Note: GC collections are only run at points where memory is alloctaed 
with new, so it is guaranteed not to touch high-performance inner loops.

 One of the things that I'm planning is to avoid using the GC as much 
 as  possible, so I just want to be completely sure when it is used.


This is the question of right amounts. If your whole program only has an 
active set of at most a few megabytes, you never have to worry about 
garbage collector performance. How do you keep it small? First thing, i 
would make "resource managers" for images, textures, and raw geometry 
data, and allocate them using C facilities - std.c.malloc, stc.c.free. 
You can slice into memory and use it like always but this memory will 
never be scanned by GC for other pointers. Variants of resource manages 
include a simple object which encapsulates the pointer and frees it when 
it gets destructed by GC, or perhaps when you need to manage a lot and 
fast, a manager which collects a group of pointers and frees them at 
once, and gets destroyed manually. The manager is in your active set, 
the raw memory from GC's view isn't.

-eye

Apr 19 2005

"Regan Heath" <regan netwin.co.nz> writes:

On Tue, 19 Apr 2005 11:06:35 +0200, Ilya Minkov <minkov cs.tum.edu> wrote:
 Regan Heath wrote:
 On Mon, 18 Apr 2005 12:19:29 -0700, Paul Bonser <misterpib gmail.com>   
 wrote:

 I know how to use them and whatnot, but I was just wondering, what   
 exactly happens behind the scenes when you change the size of an  
 array  in D? Does it just make a new one and copy over the old stuff,  
 then  leave the old array for the GC to pick up?

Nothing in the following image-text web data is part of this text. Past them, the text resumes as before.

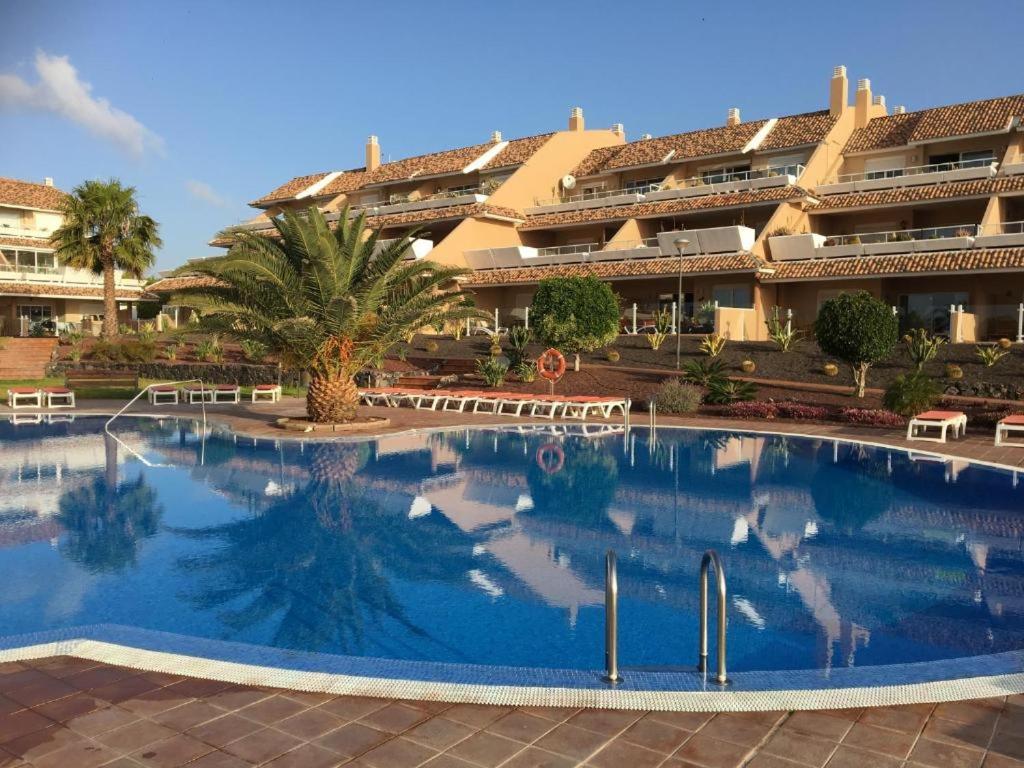 Deluxe Apt. 110Qm+Terrasse 60Qm Pool Wifi Golf Yachthafen San Miguel de Abona Exterior photo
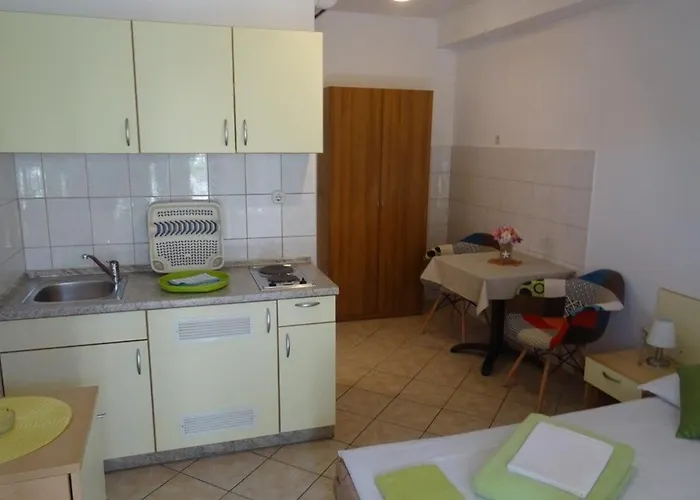 With Parking Space Biograd Na Moru, Biograd - 860 *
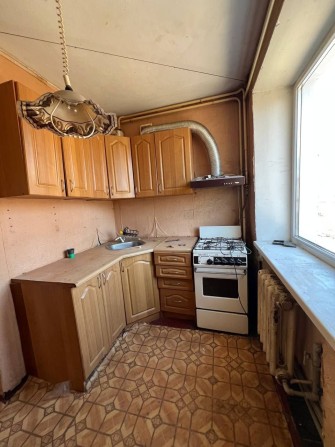 Продам 2-кімнатну квартиру біля ринку 

Продається 2-кімнатна кварт - фото 1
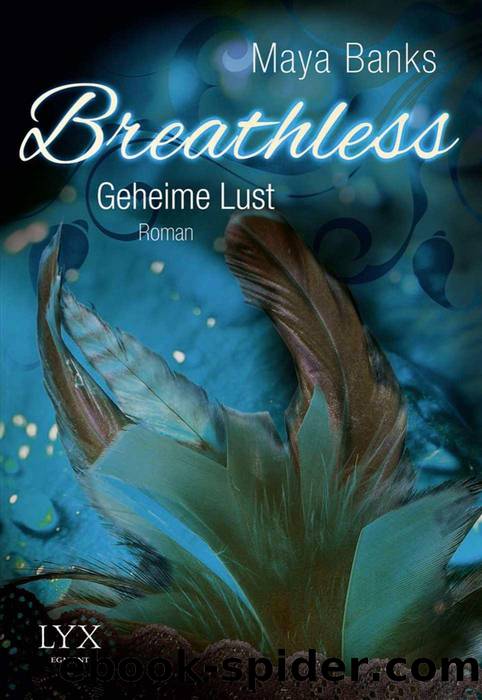 Geheime Lust by Maya Banks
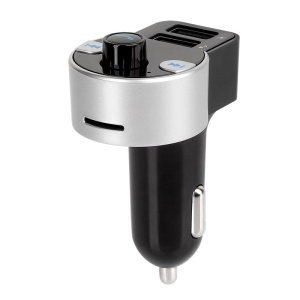 MODULATOR FM AUDIO 2XUSB BLUETOOTH PEIYING - Img 3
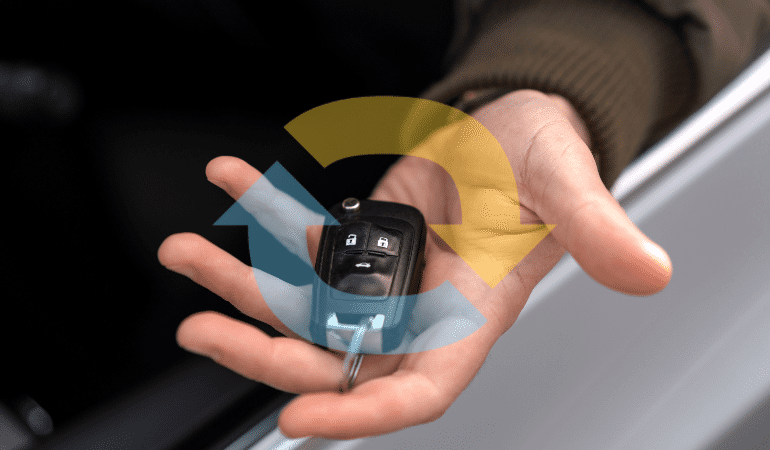 İmmobilizer Programlama Eğitimi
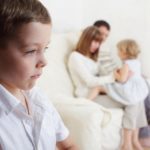 make your favourite child obvious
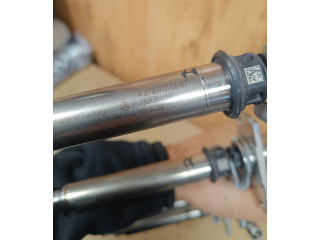 Vstřikovač A2780700687, A2740700995   Mercedes-Benz GLC X253 C253     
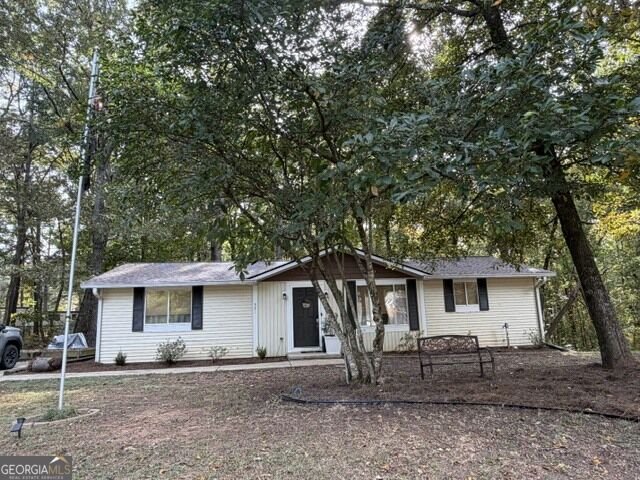 321 Miles Rd Carrollton - main photo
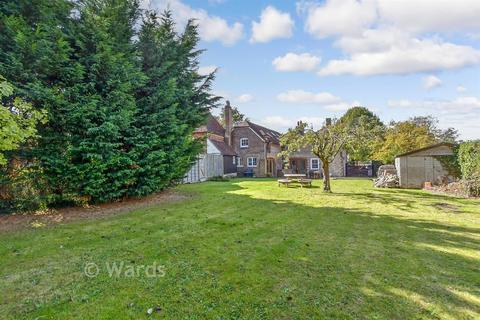 5 bedroom detached house for sale, The Green, Boughton Monchelsea, Maidstone, Kent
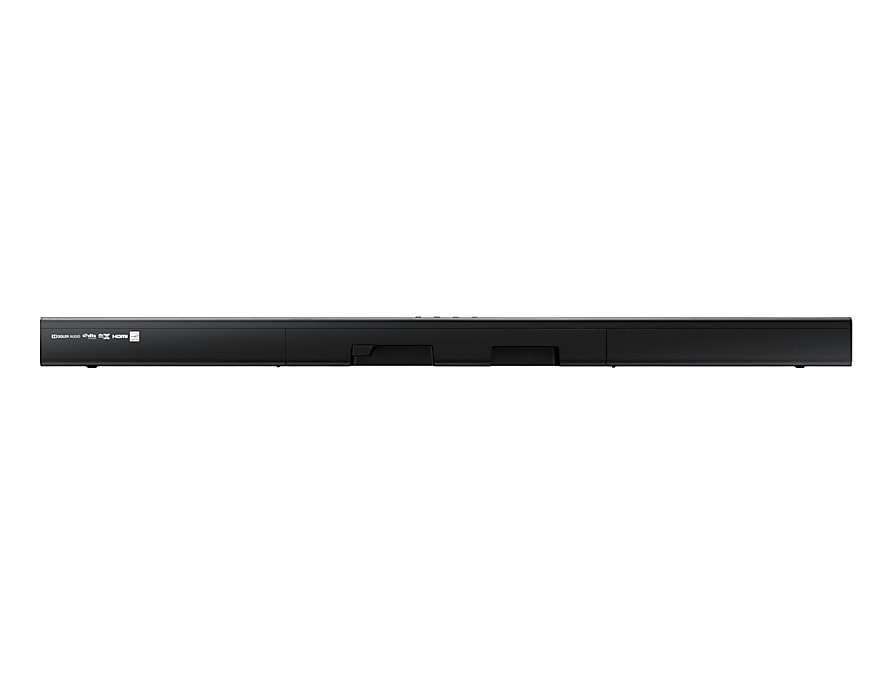 Samsung HW-T550 audio amplifier 2.1 channels Black – image 6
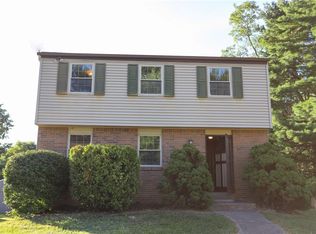 125 Buena Vista Dr, Delmont, PA 15626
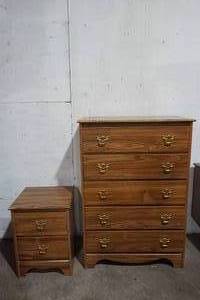 night stand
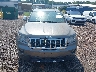 1C4RJFCGXCC****** Wrecked 2012 Jeep Grand Cherokee in South Carolina State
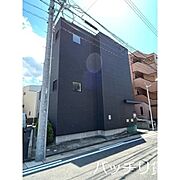 中村公園駅より徒歩4分 2階 築10年2ヶ月の賃貸物件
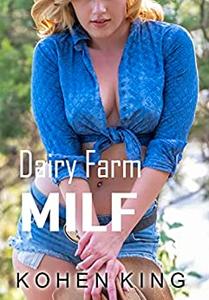 Dairy Farm MILF Harem Adventure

   I'd imagine it 'reallocates' the internal data pointer, this does not  
 copy  unless the reallocate moves the memory block. So, there is no  
 'old array'  for the GC to collect. Any items now outside the length  
 (i.e. when you  make it smaller) will be collected by the GC eventualy.

 No, whenever length increases (also when concatenating and such), the  
 array is duplicated, and the duplicate is given new length.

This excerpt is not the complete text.